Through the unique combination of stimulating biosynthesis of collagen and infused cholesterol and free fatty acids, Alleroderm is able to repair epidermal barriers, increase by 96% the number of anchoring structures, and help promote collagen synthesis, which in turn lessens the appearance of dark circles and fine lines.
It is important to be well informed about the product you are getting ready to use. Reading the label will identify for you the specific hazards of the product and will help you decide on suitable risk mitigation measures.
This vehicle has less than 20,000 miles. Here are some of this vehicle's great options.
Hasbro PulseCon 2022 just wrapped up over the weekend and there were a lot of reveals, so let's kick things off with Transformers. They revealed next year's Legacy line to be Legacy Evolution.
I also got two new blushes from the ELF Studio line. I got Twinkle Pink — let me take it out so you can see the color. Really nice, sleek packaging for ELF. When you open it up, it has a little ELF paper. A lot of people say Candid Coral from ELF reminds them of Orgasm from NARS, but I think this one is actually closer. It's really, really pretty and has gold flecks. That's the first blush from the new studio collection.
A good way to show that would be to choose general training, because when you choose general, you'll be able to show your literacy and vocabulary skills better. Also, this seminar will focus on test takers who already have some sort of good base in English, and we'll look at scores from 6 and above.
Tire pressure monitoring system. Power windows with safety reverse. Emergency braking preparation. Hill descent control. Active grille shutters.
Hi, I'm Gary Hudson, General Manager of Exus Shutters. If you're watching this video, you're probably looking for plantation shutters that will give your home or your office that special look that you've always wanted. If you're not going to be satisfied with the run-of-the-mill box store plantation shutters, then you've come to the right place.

----

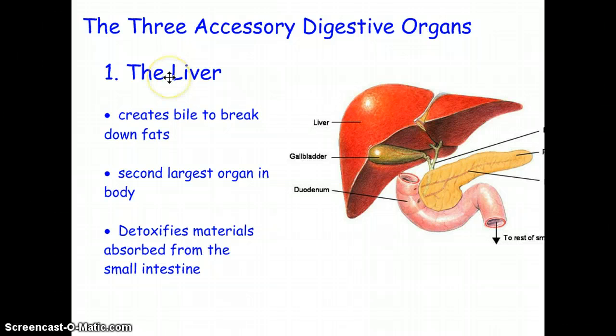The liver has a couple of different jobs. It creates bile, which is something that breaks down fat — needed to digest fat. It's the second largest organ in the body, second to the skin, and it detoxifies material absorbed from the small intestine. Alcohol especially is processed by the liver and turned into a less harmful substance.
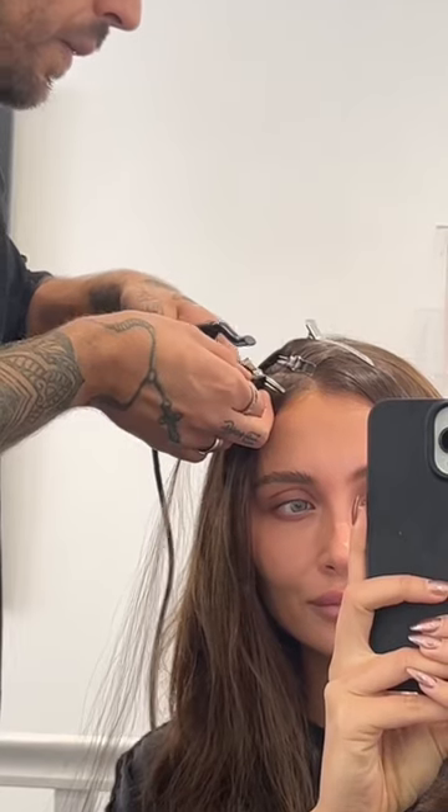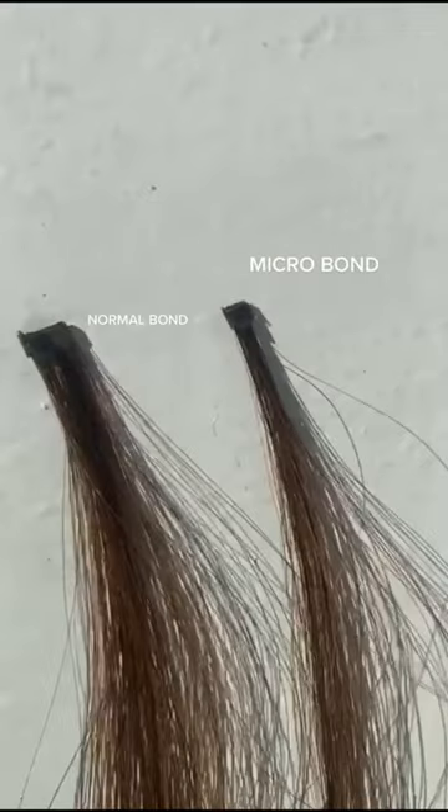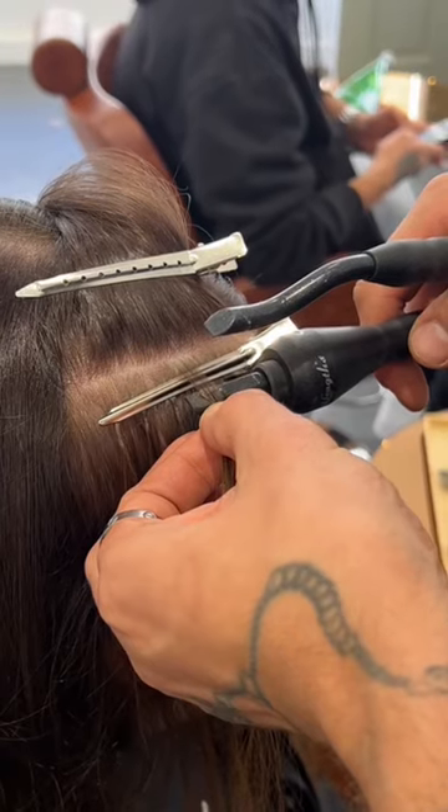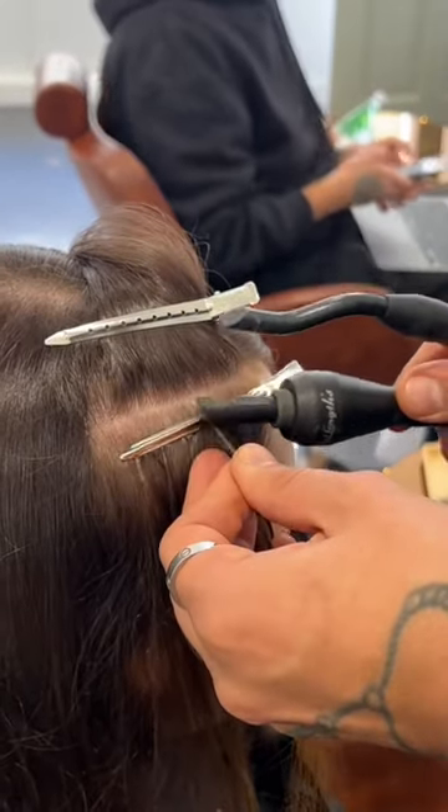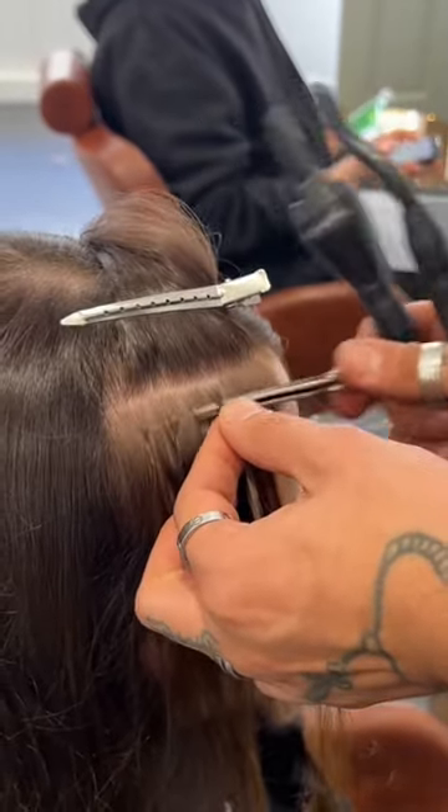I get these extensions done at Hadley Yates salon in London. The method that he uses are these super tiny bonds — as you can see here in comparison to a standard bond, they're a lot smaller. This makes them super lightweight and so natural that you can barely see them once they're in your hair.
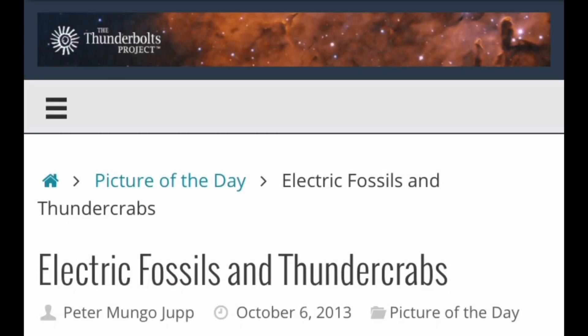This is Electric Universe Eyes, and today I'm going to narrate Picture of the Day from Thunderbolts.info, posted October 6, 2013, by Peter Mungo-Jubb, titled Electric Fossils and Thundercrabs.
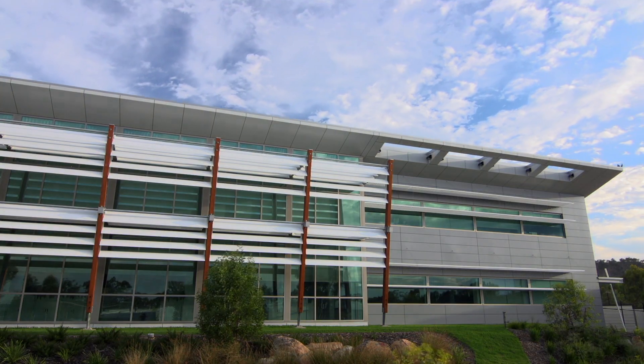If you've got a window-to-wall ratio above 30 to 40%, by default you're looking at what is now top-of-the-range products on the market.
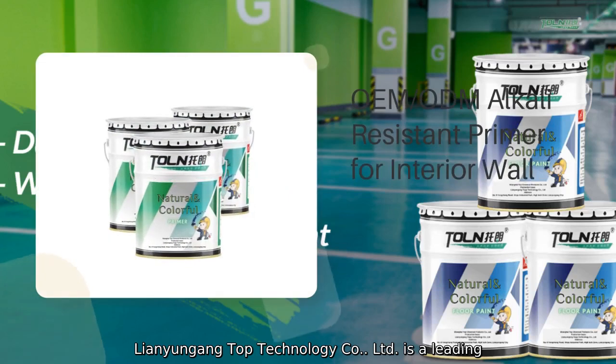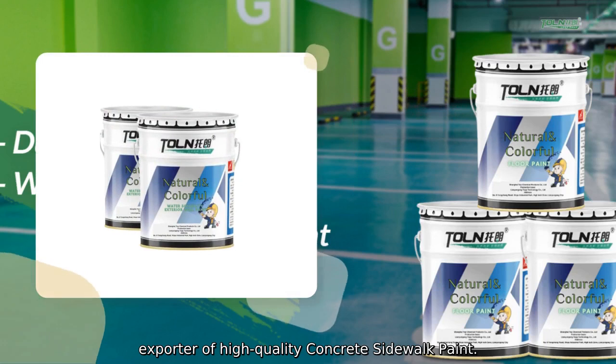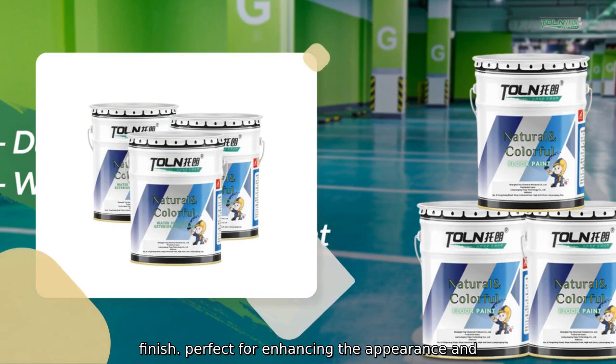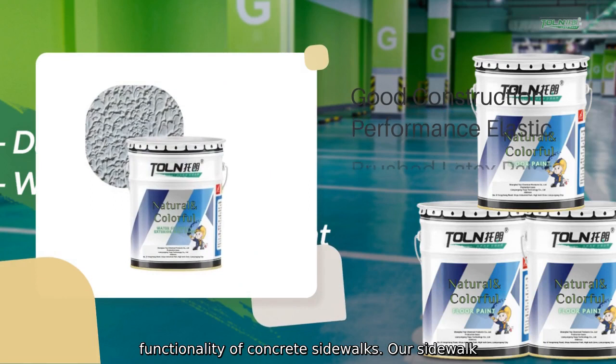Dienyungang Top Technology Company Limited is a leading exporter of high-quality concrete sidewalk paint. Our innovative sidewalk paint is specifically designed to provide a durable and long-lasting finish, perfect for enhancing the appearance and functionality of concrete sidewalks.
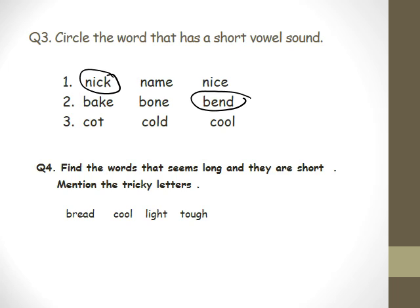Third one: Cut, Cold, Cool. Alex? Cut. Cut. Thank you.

----

Action item - Restate word for word only the lines above from the line containing "Hasbro PulseCon 2022" to the line containing "Hi, I'm Gary", both of them included.

Answer -
Hasbro PulseCon 2022 just wrapped up over the weekend and there were a lot of reveals, so let's kick things off with Transformers. They revealed next year's Legacy line to be Legacy Evolution.
I also got two new blushes from the ELF Studio line. I got Twinkle Pink — let me take it out so you can see the color. Really nice, sleek packaging for ELF. When you open it up, it has a little ELF paper. A lot of people say Candid Coral from ELF reminds them of Orgasm from NARS, but I think this one is actually closer. It's really, really pretty and has gold flecks. That's the first blush from the new studio collection.
A good way to show that would be to choose general training, because when you choose general, you'll be able to show your literacy and vocabulary skills better. Also, this seminar will focus on test takers who already have some sort of good base in English, and we'll look at scores from 6 and above.
Tire pressure monitoring system. Power windows with safety reverse. Emergency braking preparation. Hill descent control. Active grille shutters.
Hi, I'm Gary Hudson, General Manager of Exus Shutters. If you're watching this video, you're probably looking for plantation shutters that will give your home or your office that special look that you've always wanted. If you're not going to be satisfied with the run-of-the-mill box store plantation shutters, then you've come to the right place.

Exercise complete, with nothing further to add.